Sexuality jokes
You: Its nighttime, shouldn't we be heading to bed?
Boy Roommate: Ok, are you Top or Bottom?
You: Uhhhhhhh
Boy Roommate: No dumby, bunk beds.
You: Thank God.
Boy Roommate: But if you wanna, we can...
You: *faints*
What's the definition of disappointment?
Running into a wall with a boner, but it only hits your nose.
Somebody’s son said, "Mom, my dick has white stuff coming out of it." She said, "Oh, good one, son, so when’s the baby coming?"
A gay wizard went to a bar and disappeared with a poof!
Why did the Polish Roman Catholic priest remove zippers from the pants of gay men in the LGBT community?
Because he lost his key to his house and he was desperate to get back inside of his house and he thought that one of keys to their zippers would be able to unlock the door of his house.
It would just be easier to be a gay guy, instead of a gender-fluid bisexual.
You really gay. No questions added.
One time in camp, I kissed my bunkmate Bret in the shower. He cupped my breasts and lathered them in Prell, but I'm totally not gay... :)
Dang... if I could rearrange the alphabet, I would put D IN U ;)
I only know there are 25 letters in the alphabet, I don't know Y.
(Me: How many letters are in the alphabet?) -- (Friend: 11- T-H-E-- A-L-P-H-A-B-E-T)
(Me: There are 20 letters in the alphabet, right?) -- (Crush: No, there is actually 26.) -- (Me: oooOoh, I forgot u r a qt! So its acdefghijklmnopqrstuvwxyz?) -- (Crush: You forgot the D) -- (Me: That's not needed yet ;])
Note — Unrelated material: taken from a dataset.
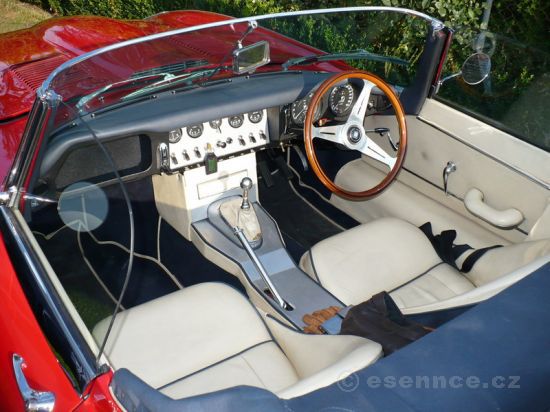 Jaguar E - nejkrásnější auto 20. století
What letter is really hot? T
C = cOCK O = CoCK C = COcK K = COCk COCK = cock cock = COCK
ME SExUAL SRrY LoL
How do I make my dick disappear?
I put it in your dad.
Why aren't orphans gay?
Because they have no one to call "daddy."
My girlfriend's name is Candice.
Can these nuts fit in your mouth? :D
What is gayer than man sex ring?
Not slapping the ass at Hooters.
I saw your forehead and realized your mom and dad's foreheads were as big as yours. Also, you're gay.
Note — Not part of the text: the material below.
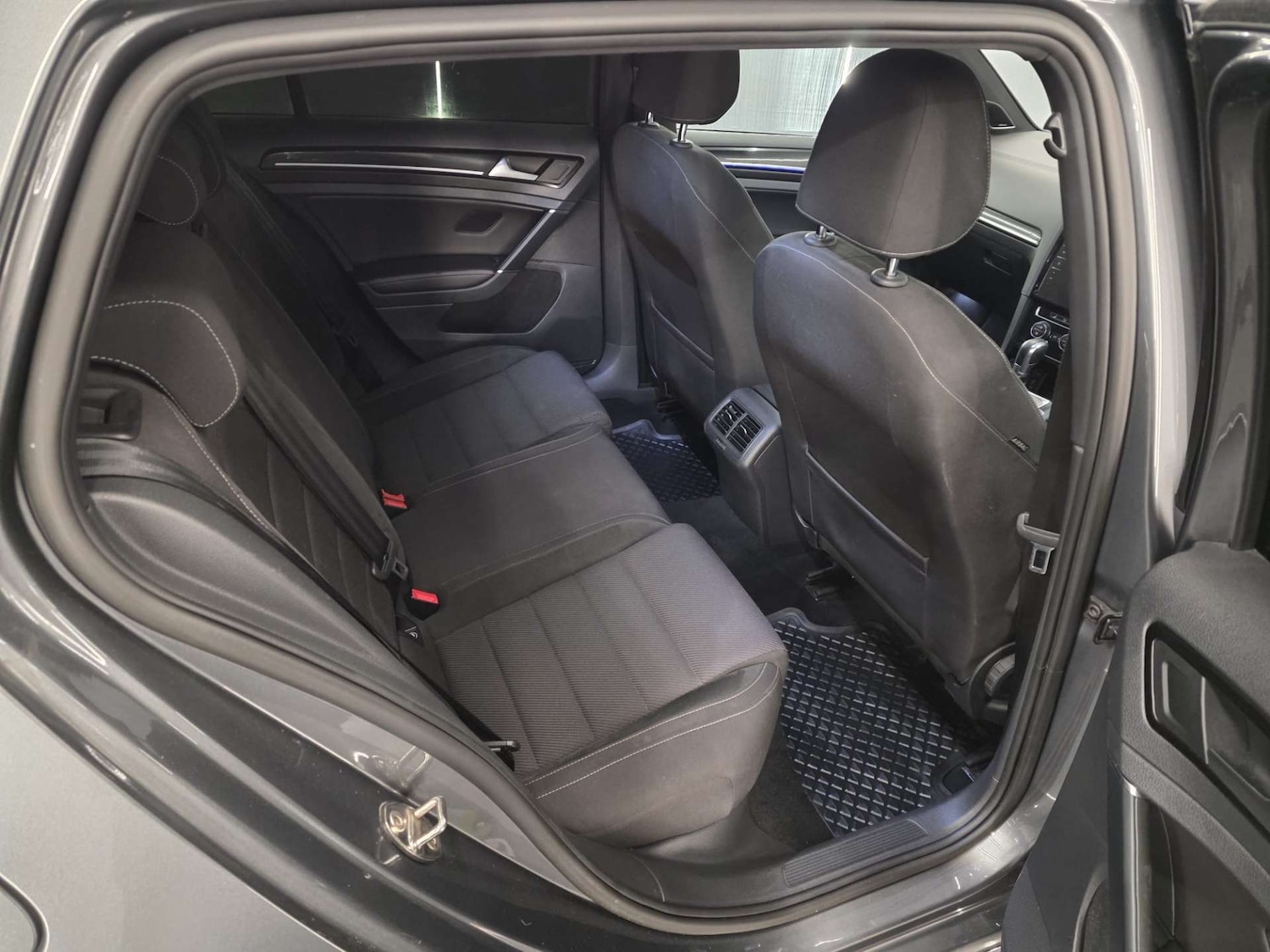 Used Volkswagen Golf 2017 for sale - 77152854: Photo 8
What's hard and hairy on the outside and soft and wet on the inside? Coconut, what were you thinking of?
Why did Jesus come back from the dead? He forgot to tell you that you're gay!
This is not a joke, Tom. I'm asking you to leave me alone, stop being sexual, I don't like you.
Why did the orphan cheat on his girlfriend with a guy?
Because he wanted someone to call "Mommy" and "Daddy."
I suck Cyrus's dick when he is sleeping.
After you read this post, you will forget you were gay.